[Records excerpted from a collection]
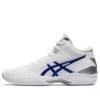 Gel-Hoop V12 ”White Blue”
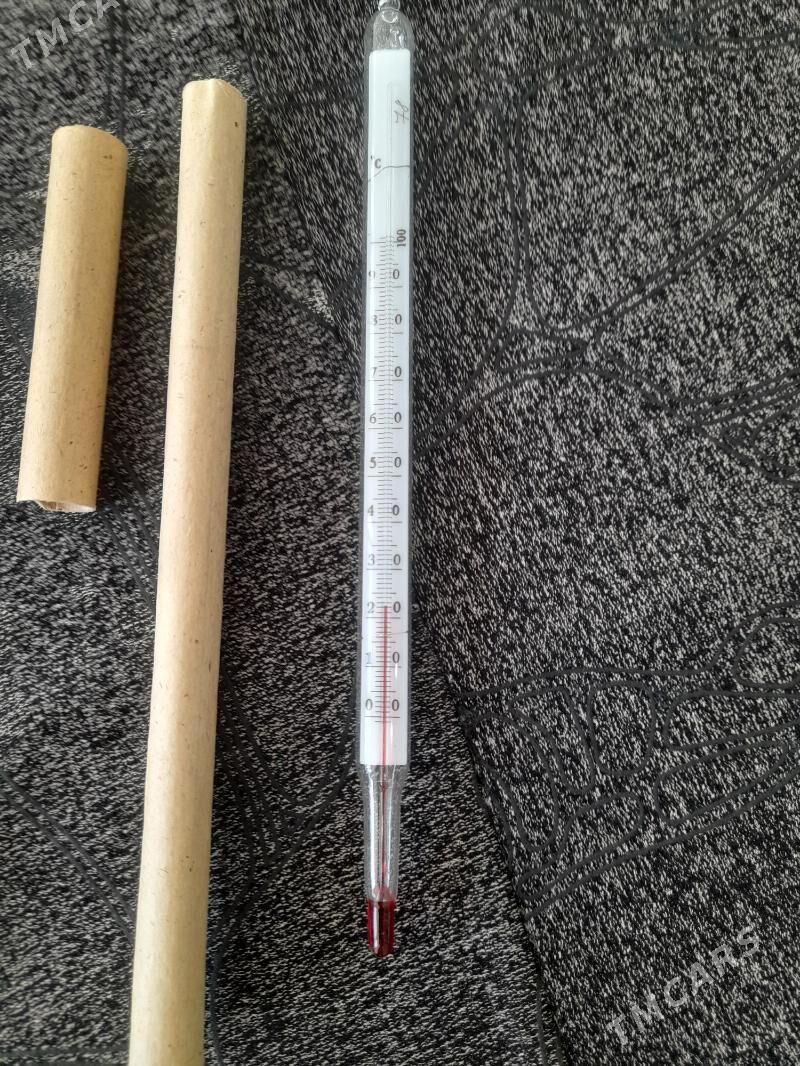 ГРАДУСНИК - Mary - img 2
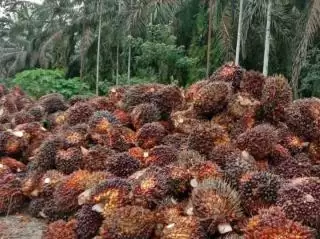 Dorong Hilirisasi, Produk Turunan Sawit Dukung Pengembangan Industri Lokal
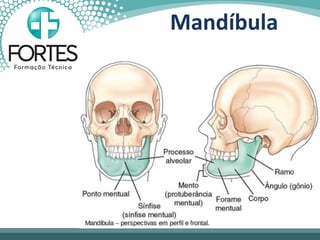Mandíbula
 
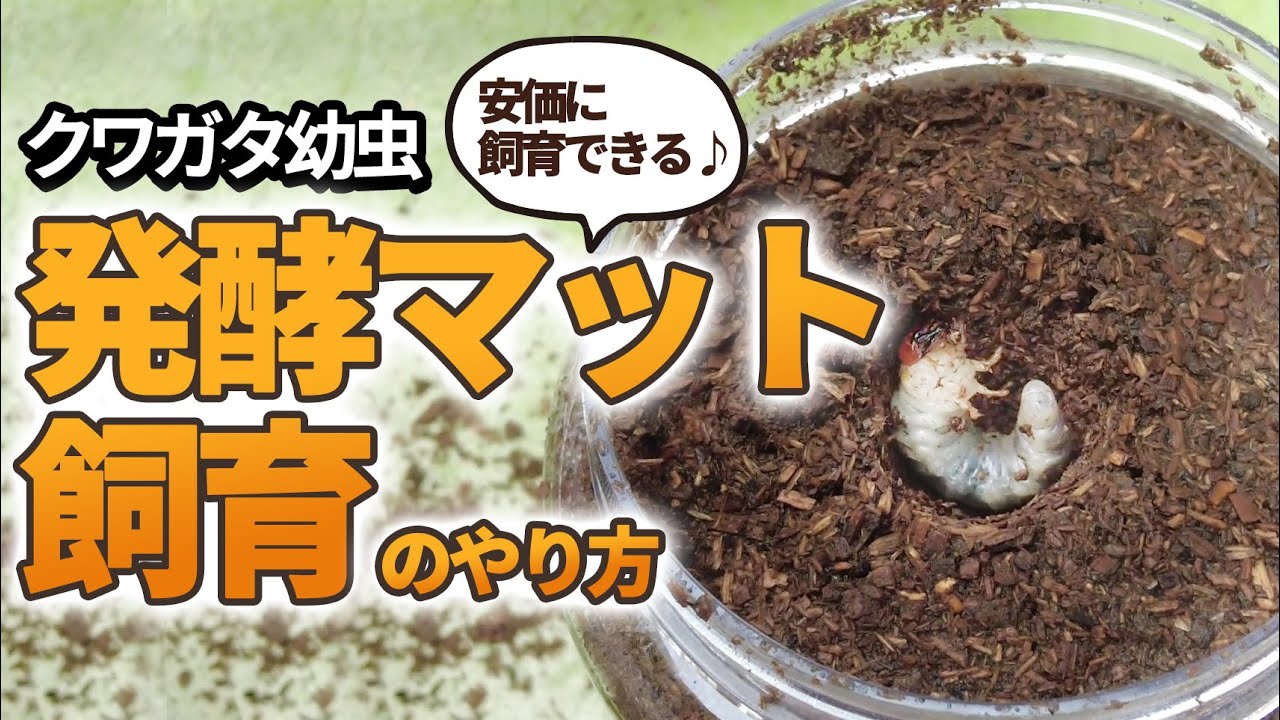 【クワガタ幼虫の発酵マット飼育方法！】やり方や注意点、メリット・デメリットなど初心者の方向けに分かりやすくご紹介します♪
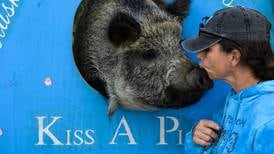 Our favorite photos from the 2023 Alaska State Fair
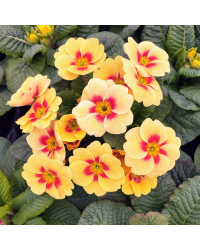 Primula Rambo Orange à coeur rouge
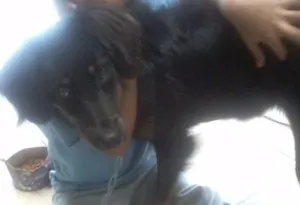 Cachorro raça Vira-lata/Basse idade 7 a 11 meses nome Barbie 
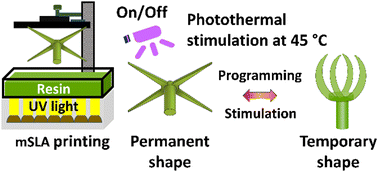 Graphical abstract: 3D-printed photothermal-responsive shape-memory polymer for soft robotic applications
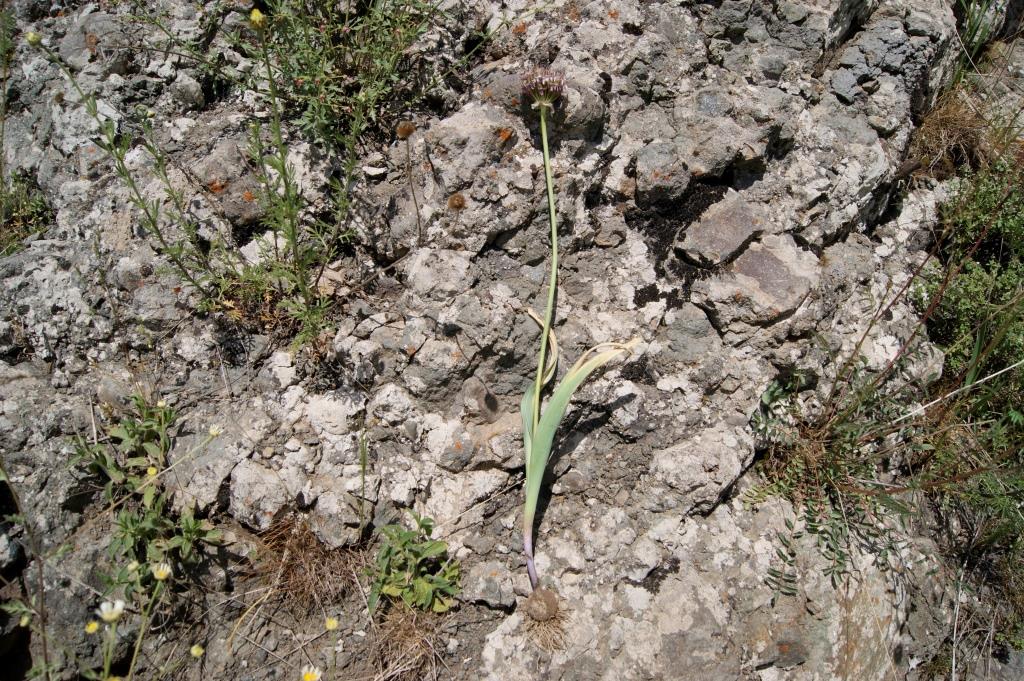 Image of genus Allium specimen.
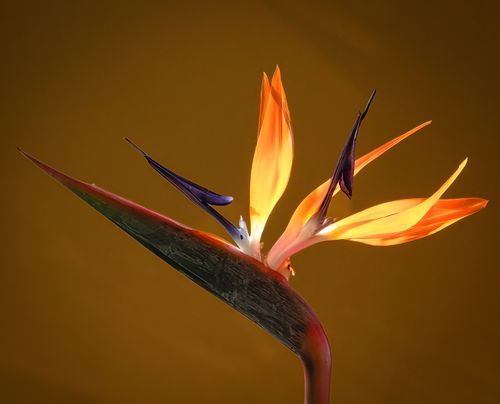 Free Close-up of a Bird of Paradise flower against a yellow background, highlighting its vibrant colors. Stock Photo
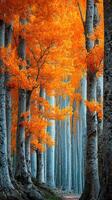 Vibrant autumn foliage illuminates a tranquil forest path in the heart of fall photo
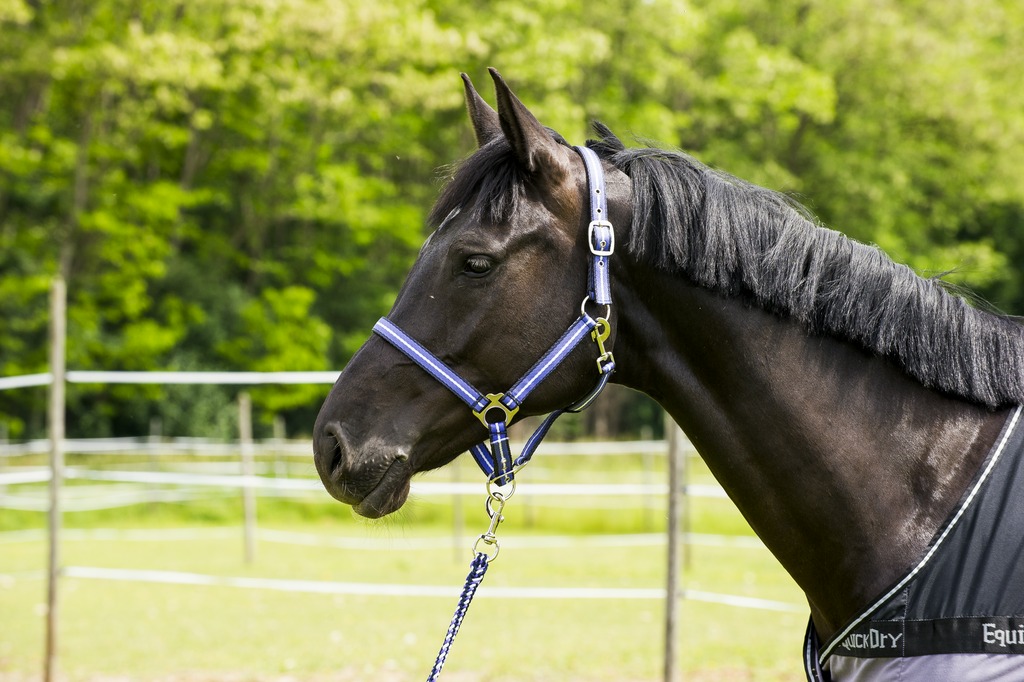 NORTON Dreifarbiges weiches Halfter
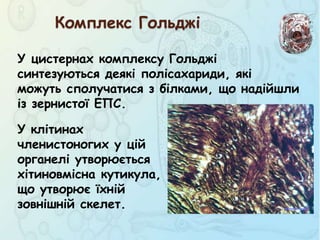 Комплекс Гольджі
У клітинах
членистоногих у цій
органелі утворюється
хітиновмісна кутикула,
що утворює їхній
зовнішній скелет.
У цистернах комплексу Гольджі
синтезуються деякі полісахариди, які
можуть сполучатися з білками, що надійшли
із зернистої ЕПС.
 
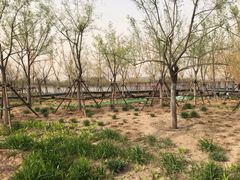 -东郊湿地公园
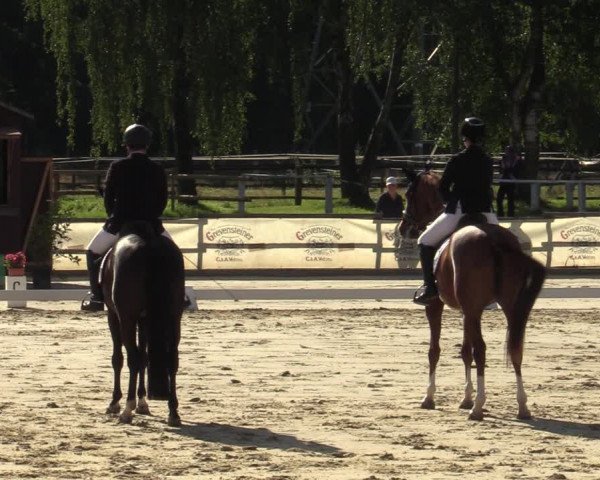Reitturnier Vellinghausen 2023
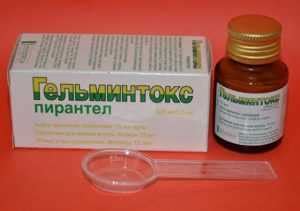 Глистогонные препараты: действие и особенности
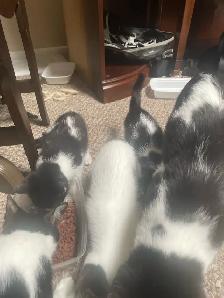 3 tuxedo kittens for sale - Photo 3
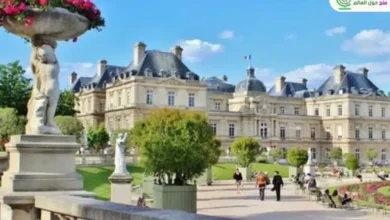 منحة دراسية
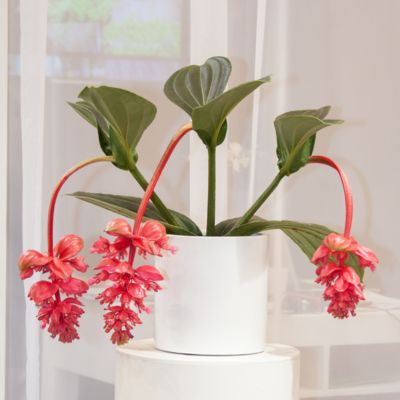Medinille magnifique - Set de 2 - Medinilla magnifica - Hauteur 40-50cm - Pot 17cm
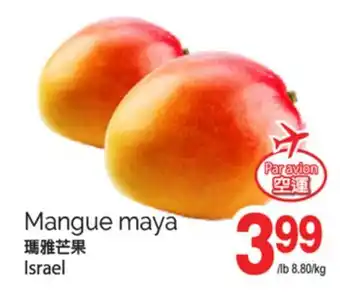 T&T Supermarket MANGUE MAYA offer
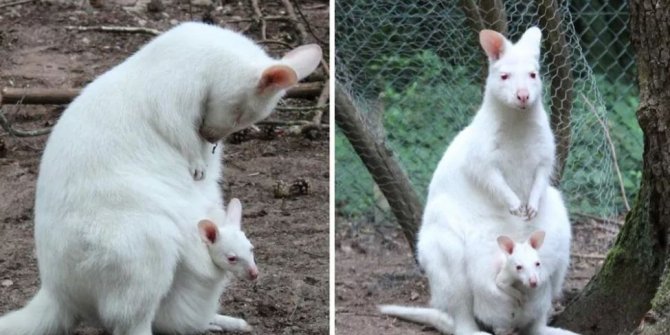 Yavru albino kanguru kayıplara karıştı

== Task instructions ==
Every line of the data should be transcribed exactly. Omit the images.

== Answer to this task ==
 Gel-Hoop V12 ”White Blue”
 ГРАДУСНИК - Mary - img 2
 Dorong Hilirisasi, Produk Turunan Sawit Dukung Pengembangan Industri Lokal
Mandíbula
 
 【クワガタ幼虫の発酵マット飼育方法！】やり方や注意点、メリット・デメリットなど初心者の方向けに分かりやすくご紹介します♪
 Our favorite photos from the 2023 Alaska State Fair
 Primula Rambo Orange à coeur rouge
 Cachorro raça Vira-lata/Basse idade 7 a 11 meses nome Barbie 
 Graphical abstract: 3D-printed photothermal-responsive shape-memory polymer for soft robotic applications
 Image of genus Allium specimen.
 Free Close-up of a Bird of Paradise flower against a yellow background, highlighting its vibrant colors. Stock Photo
 Vibrant autumn foliage illuminates a tranquil forest path in the heart of fall photo
 NORTON Dreifarbiges weiches Halfter
 Комплекс Гольджі
У клітинах
членистоногих у цій
органелі утворюється
хітиновмісна кутикула,
що утворює їхній
зовнішній скелет.
У цистернах комплексу Гольджі
синтезуються деякі полісахариди, які
можуть сполучатися з білками, що надійшли
із зернистої ЕПС.
 
 -东郊湿地公园
Reitturnier Vellinghausen 2023
 Глистогонные препараты: действие и особенности
 3 tuxedo kittens for sale - Photo 3
 منحة دراسية
Medinille magnifique - Set de 2 - Medinilla magnifica - Hauteur 40-50cm - Pot 17cm
 T&T Supermarket MANGUE MAYA offer
 Yavru albino kanguru kayıplara karıştı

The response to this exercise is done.